Depending on the cause of a bad mood, the following methods will help:
- Embrace. It sounds a little trite, but hugs really help children cope with sadness, stress, or a bad mood. Just hug your baby and don’t let go until he starts smiling. To speed up the process, you can tickle or kiss the child, “menacingly” promising to eat any part of his body.
- Fresh air. Sometimes, in order for the child to have fun, it is enough to be with him in the fresh air. If he is sad at home, then just get dressed and go out for a walk. As a rule, even a 15-minute walk around the house is enough. If the weather does not allow this, then at least open the windows, ventilate the apartment or go out with the child to the balcony. It is also useful to open the windows while traveling by car, and you can also offer the baby to “blow out” a bad mood into the street.
- Communication. Often, small children see only their mother for days on end. Yes, for them this is the closest and most beloved person, but the monotony causes a bad mood. Invite relatives, acquaintances from the playground, neighborhood kids to visit, or go with your child to a place where you can chat with other children.
- Antics. While the baby is still very young, you can cheer him up by showing funny faces and making funny sounds. Invite older children to fool around a little and make faces together. You can do this in front of a mirror or shoot on your phone, and then laugh together again, looking at the resulting photo or video.
- Puppet show. Use your son’s or daughter’s favorite toys to act out a skit or mini-show. For example, a teddy bear may “come” to visit you to drive away tears or bring smiles. Turn on your imagination and invite your child to participate in this small performance.
- Music. Clockwork melodies can work wonders even in the saddest moment. Turn on a funny song, sing something yourself or invite the kid to be a musician – arrange an impromptu concert from improvised “musical” instruments. Play with pot lids, books, or dice.
- Favorite food. You can encourage the child with the help of his favorite dishes. And it is better to cook them together. Even if the baby does not know how to cook yet, you can have fun – make a funny face out of pasta, “draw” eyes from berries or jam on the porridge, make a cocktail of cookies and cocoa.
- Pleasant words. If the baby is sad because something is not working out for him, cheer him up with praise. Point out what he does well, how he tries, or joke that he frowned beautifully while he was sad. Any nice words spoken from the heart will certainly cheer up and give confidence to your child.
- Recognition of emotions. Never devalue children’s feelings and do not tell children: “Why are you sad ?! Found something to pout about! It doesn’t matter.” The child has the right to any emotions, and you must tell him about it. Help him recognize and acknowledge his feelings. To the smallest, just voice what they are experiencing at the moment. And with children 1-3 years old, you can draw or blind sadness, bad mood or resentment.

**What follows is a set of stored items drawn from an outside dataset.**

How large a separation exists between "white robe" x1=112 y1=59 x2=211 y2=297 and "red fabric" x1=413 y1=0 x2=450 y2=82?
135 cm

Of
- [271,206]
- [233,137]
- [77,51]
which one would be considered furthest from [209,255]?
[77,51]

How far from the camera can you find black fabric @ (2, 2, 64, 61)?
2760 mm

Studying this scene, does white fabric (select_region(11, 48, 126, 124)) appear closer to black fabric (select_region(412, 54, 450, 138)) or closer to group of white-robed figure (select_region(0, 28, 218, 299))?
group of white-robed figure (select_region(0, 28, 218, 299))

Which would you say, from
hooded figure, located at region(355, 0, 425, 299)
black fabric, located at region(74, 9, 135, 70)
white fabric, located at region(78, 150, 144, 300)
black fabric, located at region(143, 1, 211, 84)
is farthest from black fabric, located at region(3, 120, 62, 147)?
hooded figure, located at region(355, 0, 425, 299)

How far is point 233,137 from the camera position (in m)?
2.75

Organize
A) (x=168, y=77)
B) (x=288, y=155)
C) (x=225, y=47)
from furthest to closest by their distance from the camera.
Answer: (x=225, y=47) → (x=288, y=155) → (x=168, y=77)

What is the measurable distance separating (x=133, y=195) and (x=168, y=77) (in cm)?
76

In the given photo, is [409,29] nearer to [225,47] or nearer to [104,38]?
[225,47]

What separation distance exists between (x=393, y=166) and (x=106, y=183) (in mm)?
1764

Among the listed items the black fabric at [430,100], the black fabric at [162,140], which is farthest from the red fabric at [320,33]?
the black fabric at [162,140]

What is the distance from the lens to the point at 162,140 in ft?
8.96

Tactile types of creativity – modeling, applications, drawing help to develop emotional intelligence and sensitivity. It is best to use different materials – cereals, sand, dough, plasticine or plain water.
Bad mood happens to everyone – both adults and children. But you can always find a way to change it for a good one that suits your child. Don’t be afraid to be funny, fool around, or turn into actors. In a playful and playful way, you can show your baby that having fun is much more interesting than being sad or offended!